== WHAT IS EXPECTED ==
Some lines in the listing may contain the word "show". Say how many, with the number alone.

== SUPPLIED MATERIAL ==
_ _ _ _ _ _ _

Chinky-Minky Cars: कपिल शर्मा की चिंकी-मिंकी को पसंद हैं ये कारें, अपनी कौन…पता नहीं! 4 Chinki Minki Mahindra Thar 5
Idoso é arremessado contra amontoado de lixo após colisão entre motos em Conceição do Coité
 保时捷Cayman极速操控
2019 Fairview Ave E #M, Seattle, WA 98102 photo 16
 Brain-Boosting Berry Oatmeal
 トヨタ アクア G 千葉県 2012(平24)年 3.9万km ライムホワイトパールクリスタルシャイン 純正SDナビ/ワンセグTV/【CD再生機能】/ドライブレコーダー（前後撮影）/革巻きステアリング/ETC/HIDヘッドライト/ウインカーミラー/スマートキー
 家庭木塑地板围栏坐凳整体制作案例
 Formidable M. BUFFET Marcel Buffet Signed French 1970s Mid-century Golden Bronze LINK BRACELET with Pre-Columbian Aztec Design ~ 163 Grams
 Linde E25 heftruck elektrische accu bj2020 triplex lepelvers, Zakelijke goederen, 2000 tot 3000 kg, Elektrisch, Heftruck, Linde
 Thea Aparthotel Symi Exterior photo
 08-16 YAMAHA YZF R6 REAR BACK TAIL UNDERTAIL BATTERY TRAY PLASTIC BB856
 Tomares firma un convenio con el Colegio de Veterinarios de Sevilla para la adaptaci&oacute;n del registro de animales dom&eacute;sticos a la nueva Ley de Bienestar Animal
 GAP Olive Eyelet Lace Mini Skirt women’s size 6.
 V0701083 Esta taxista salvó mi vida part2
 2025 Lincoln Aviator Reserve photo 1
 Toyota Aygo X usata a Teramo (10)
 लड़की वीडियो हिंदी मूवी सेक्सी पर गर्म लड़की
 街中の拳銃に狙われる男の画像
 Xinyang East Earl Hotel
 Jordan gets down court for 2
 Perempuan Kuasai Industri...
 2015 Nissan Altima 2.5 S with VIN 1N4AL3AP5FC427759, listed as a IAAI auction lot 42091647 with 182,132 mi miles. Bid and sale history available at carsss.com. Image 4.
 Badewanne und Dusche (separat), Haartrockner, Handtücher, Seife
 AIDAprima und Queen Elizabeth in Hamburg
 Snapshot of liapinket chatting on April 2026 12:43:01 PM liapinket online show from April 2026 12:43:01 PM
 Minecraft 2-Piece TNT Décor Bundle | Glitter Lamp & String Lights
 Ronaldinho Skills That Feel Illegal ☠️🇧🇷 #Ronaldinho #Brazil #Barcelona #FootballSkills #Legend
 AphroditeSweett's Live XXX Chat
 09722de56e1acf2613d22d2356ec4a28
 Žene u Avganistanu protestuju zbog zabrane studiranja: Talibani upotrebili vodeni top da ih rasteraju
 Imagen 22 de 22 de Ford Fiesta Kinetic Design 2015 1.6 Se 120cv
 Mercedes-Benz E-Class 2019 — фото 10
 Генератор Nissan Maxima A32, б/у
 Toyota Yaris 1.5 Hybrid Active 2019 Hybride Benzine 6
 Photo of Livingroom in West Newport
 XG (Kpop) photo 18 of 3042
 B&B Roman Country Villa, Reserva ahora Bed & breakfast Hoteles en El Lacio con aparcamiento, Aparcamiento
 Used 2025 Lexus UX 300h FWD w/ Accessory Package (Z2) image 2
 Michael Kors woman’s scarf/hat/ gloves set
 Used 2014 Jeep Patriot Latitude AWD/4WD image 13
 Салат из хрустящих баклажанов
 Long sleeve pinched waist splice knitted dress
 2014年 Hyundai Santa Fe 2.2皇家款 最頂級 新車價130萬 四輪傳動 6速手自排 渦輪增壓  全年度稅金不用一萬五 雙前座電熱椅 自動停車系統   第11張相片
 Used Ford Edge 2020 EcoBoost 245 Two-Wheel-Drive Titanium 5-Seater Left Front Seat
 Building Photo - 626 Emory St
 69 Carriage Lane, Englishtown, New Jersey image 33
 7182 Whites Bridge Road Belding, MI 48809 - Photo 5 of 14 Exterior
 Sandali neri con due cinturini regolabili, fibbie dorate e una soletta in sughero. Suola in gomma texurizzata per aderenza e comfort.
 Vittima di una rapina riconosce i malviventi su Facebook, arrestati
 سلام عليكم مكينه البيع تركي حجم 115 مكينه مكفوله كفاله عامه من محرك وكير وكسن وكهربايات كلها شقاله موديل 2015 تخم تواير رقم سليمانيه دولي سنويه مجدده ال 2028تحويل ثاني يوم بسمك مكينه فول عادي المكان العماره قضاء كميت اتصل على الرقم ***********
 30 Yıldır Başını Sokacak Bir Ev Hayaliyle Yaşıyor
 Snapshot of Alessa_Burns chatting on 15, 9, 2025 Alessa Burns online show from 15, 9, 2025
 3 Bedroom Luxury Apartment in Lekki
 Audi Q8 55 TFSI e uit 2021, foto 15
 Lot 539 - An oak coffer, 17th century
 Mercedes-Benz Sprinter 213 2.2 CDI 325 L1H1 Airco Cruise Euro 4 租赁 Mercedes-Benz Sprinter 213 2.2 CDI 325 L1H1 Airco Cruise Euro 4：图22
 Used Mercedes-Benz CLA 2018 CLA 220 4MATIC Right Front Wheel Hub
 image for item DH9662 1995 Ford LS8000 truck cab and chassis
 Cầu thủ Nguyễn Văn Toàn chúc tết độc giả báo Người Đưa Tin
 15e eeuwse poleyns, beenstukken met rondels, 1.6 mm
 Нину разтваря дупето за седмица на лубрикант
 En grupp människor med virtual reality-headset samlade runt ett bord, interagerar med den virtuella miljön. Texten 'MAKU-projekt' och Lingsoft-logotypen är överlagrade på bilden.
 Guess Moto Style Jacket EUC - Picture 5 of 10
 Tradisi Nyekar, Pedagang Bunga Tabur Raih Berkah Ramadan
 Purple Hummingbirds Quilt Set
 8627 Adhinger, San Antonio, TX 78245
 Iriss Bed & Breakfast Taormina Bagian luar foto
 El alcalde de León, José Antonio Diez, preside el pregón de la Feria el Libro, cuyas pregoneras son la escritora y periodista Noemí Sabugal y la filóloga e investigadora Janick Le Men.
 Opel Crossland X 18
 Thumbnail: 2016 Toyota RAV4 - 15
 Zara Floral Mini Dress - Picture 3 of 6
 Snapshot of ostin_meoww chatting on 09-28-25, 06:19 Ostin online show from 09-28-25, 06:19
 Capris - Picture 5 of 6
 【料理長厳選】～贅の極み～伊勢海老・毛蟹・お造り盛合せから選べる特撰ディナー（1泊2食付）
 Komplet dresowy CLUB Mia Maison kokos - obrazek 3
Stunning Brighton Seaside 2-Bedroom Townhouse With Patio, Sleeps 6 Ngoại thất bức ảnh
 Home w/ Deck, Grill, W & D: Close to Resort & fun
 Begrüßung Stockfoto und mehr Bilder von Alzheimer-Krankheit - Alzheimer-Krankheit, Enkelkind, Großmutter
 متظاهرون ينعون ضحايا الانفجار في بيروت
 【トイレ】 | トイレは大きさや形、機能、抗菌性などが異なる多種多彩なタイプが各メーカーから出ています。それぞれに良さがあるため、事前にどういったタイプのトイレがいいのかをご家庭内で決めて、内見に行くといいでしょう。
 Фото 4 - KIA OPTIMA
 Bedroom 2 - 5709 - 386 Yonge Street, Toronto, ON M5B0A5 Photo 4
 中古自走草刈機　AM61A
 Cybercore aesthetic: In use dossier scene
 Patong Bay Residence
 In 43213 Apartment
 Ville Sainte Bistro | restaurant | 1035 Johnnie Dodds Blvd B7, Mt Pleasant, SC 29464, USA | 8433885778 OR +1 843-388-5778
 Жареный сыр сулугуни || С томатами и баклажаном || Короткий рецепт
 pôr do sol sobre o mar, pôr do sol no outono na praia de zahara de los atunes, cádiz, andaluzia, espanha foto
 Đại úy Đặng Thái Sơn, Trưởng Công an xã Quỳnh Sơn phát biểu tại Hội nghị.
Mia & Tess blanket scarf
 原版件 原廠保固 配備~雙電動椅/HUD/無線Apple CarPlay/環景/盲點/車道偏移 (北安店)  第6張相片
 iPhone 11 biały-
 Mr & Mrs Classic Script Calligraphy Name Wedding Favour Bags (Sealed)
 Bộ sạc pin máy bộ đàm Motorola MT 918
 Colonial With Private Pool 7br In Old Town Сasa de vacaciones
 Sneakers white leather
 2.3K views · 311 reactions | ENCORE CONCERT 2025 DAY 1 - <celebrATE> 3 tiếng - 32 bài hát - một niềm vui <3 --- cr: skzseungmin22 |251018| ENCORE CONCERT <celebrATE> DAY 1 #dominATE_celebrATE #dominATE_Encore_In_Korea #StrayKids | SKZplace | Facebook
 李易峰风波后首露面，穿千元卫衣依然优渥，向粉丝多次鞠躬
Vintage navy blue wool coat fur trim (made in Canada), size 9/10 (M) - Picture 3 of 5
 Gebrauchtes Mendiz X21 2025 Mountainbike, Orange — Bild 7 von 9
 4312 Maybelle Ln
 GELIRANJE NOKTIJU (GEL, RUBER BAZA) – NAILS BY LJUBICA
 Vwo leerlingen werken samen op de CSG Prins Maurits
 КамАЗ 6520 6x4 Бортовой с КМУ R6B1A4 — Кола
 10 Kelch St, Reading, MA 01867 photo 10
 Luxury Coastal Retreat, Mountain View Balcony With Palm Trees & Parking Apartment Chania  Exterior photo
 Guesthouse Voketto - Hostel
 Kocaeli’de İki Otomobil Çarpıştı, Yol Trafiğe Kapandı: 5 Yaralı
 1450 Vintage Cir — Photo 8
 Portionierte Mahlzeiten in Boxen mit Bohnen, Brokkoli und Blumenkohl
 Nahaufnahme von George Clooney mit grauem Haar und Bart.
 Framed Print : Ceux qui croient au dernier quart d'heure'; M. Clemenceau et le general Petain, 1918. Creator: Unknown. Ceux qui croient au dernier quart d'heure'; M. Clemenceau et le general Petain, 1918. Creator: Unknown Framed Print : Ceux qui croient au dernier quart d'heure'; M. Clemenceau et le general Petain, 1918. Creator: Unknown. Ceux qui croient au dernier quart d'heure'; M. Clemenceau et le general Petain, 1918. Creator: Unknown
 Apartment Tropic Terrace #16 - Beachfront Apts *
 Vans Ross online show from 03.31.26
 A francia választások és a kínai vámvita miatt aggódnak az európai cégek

_ _ _ _ _ _ _

== RESPONSE ==
4